Explicitly annotates the expression expr with the specified annotations. May be used to specify annotations for an identifier that is bound using the regular Racket binding forms such as define, let, etc.

For example:
> (define x (let/annotate ([type int]) 5))
> x

5

> (let ([x (let/annotate ([type int]) 6)])
    x)

6

1.4 Type Expressions

  type-expr = type-id
  | fn-type-expr
     
  fn-type-expr = (fn type-expr ... type-expr)

Type expressions are parsed according to the above grammar, where type-id must be an identifier that names a type. The only predefined type in Magnolisp is predicate, and any others must be declared using typedef.

syntax

(fn type-expr ... type-expr)

A function type expression, containing type expressions for arguments and the return value, in that order. A Magnolisp function always returns a single value.

1.5 Statements and Expressions

Unlike Racket, the Magnolisp language makes a distinction between statements and expressions. Although Magnolisp supports some of the Racket language, a given Racket construct must typically appear only in a specific context (either statement or expression context).

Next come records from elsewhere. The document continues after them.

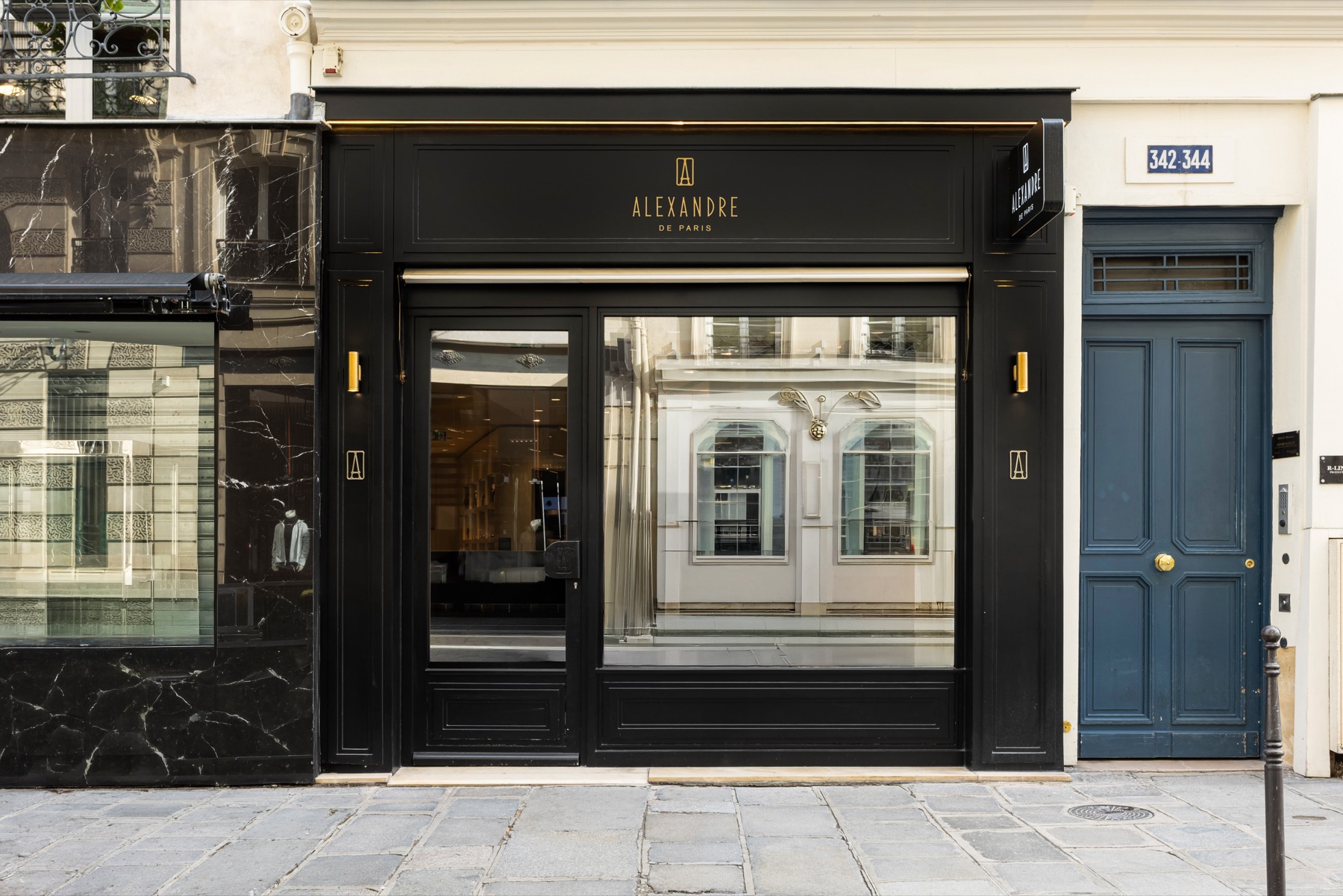 Façade laquée noire et lettrage doré de la boutique Alexandre de Paris, rue Saint-Honoré à Paris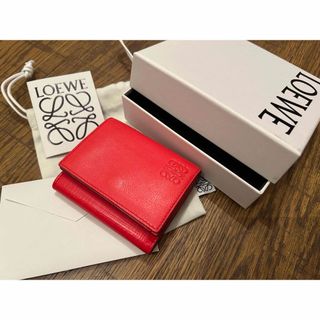 ロエベ(LOEWE)のLOEWE LINENTRIFOLD WALLET red 財布(財布)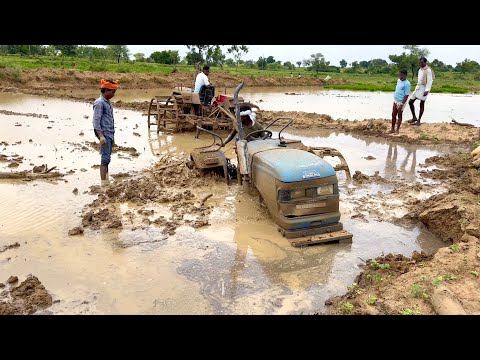 Sonalika tractor stuck in mud Rescued by Mahindra tractor | tractor |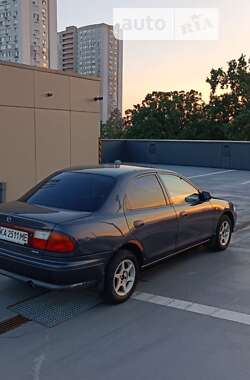 Седан Mazda 323 1998 в Киеве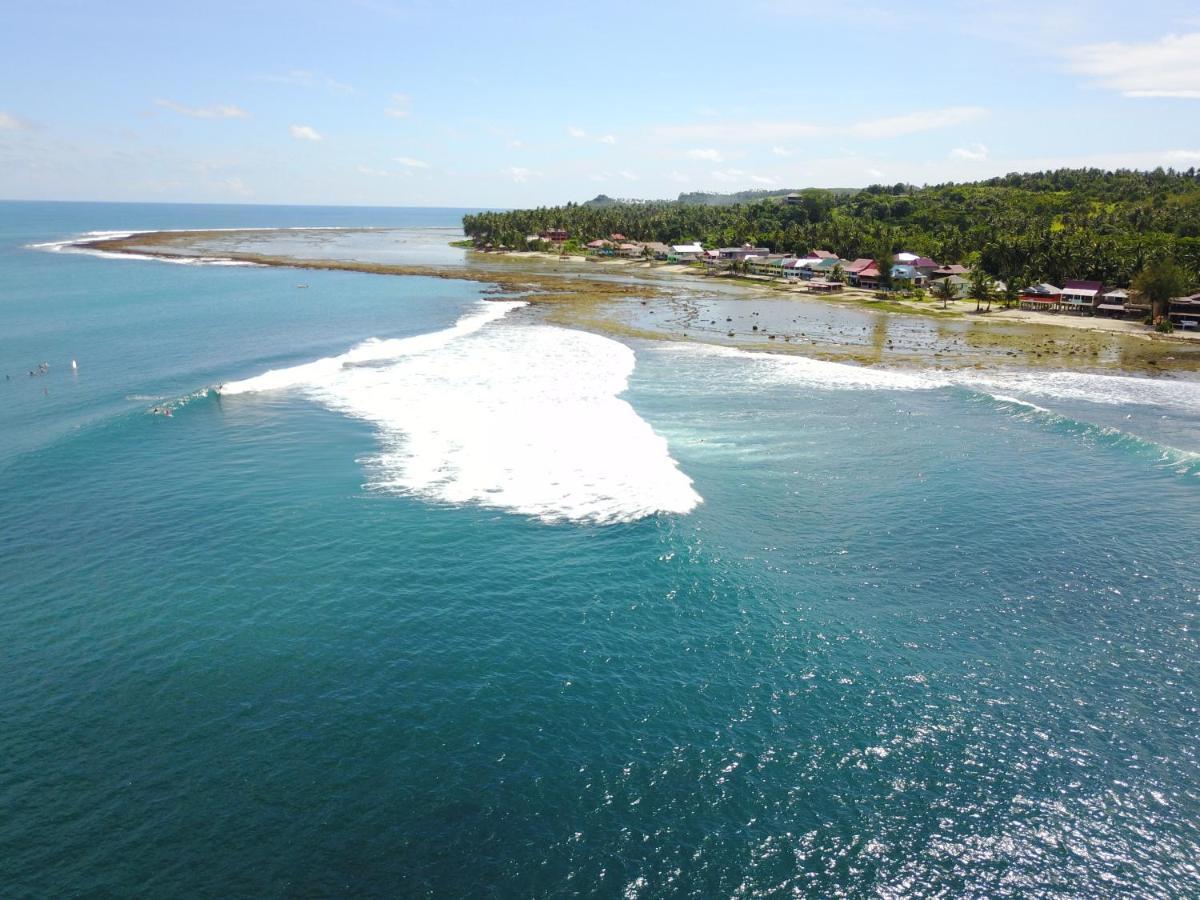 Hotel Oseda Nias Surf House Hilibotodane Exteriér fotografie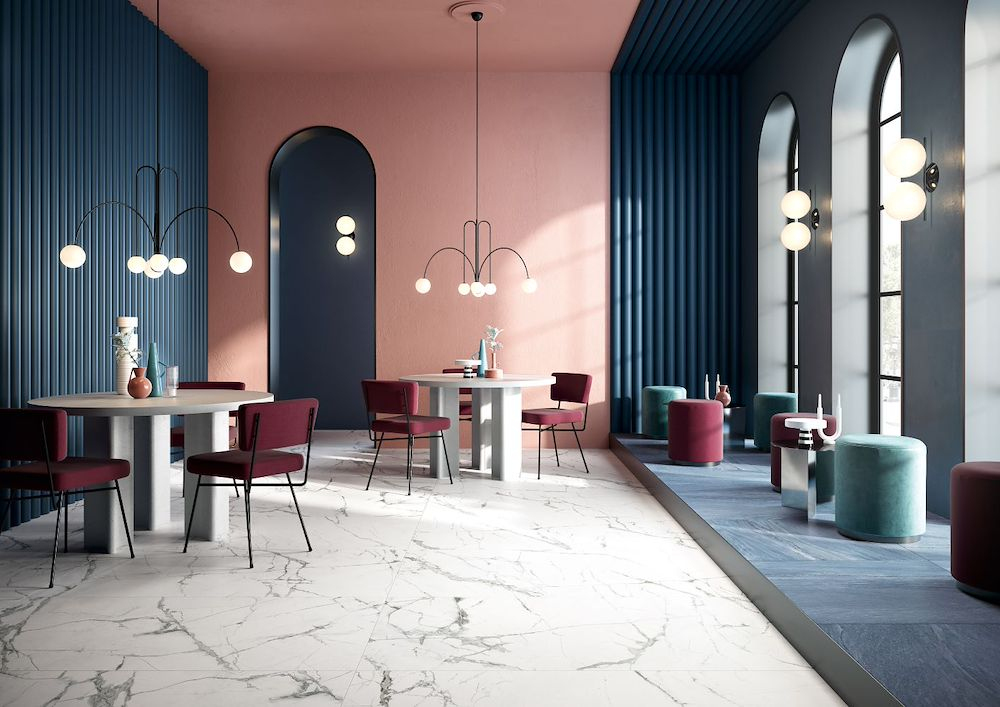 Realizace Restaurace s dlažbou v bílé a modré barvě ze série Fioranese Marmorea Intensa.
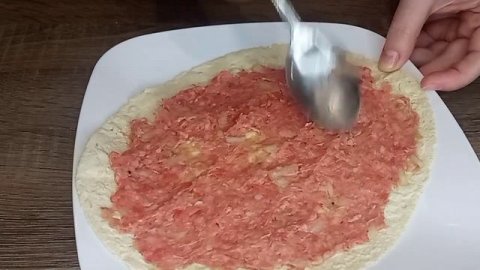 Завтракаю вкусным блюдом из лаваша с фаршем. Приготовьте обязательно - это вкусно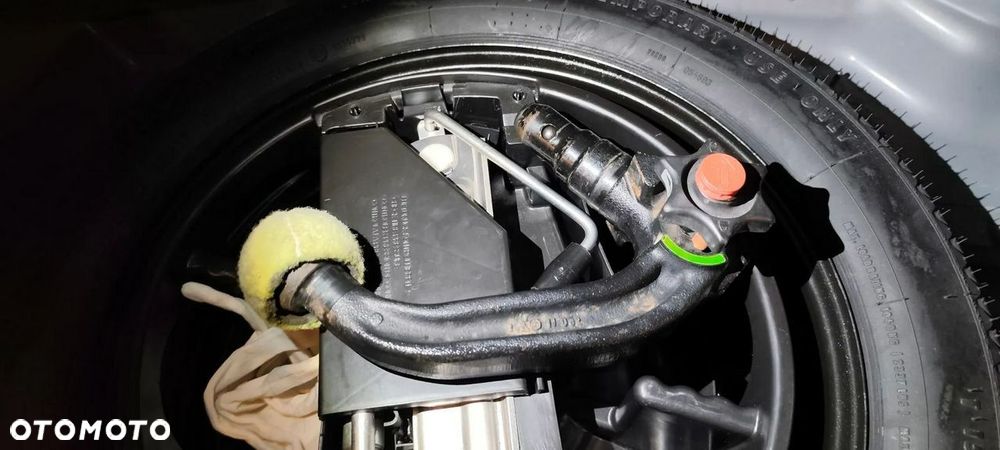 Mercedes-Benz Klasa E 200 BlueEFFICIENCY 7G-TRONIC Elegance - 32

In Magnolisp, an if form is either a statement or expression, depending on context. That is, depending on context the form is either (if test-expr then-expr else-expr) or (if test-expr then-stat else-stat). The when and unless forms are always statements, and contain statements in their body. The test-expr conditional expression must always be of type predicate, and whether it holds depends on the “truthiness” of its value, as interpreted in C++ or Racket (as applicable).

A (begin stat ...) form, in Magnolisp, signifies a sequence of statements, itself constituting a statement. Similarly to Racket, to allow declarations to appear within a statement sequence, (let () stat ...) should be used instead.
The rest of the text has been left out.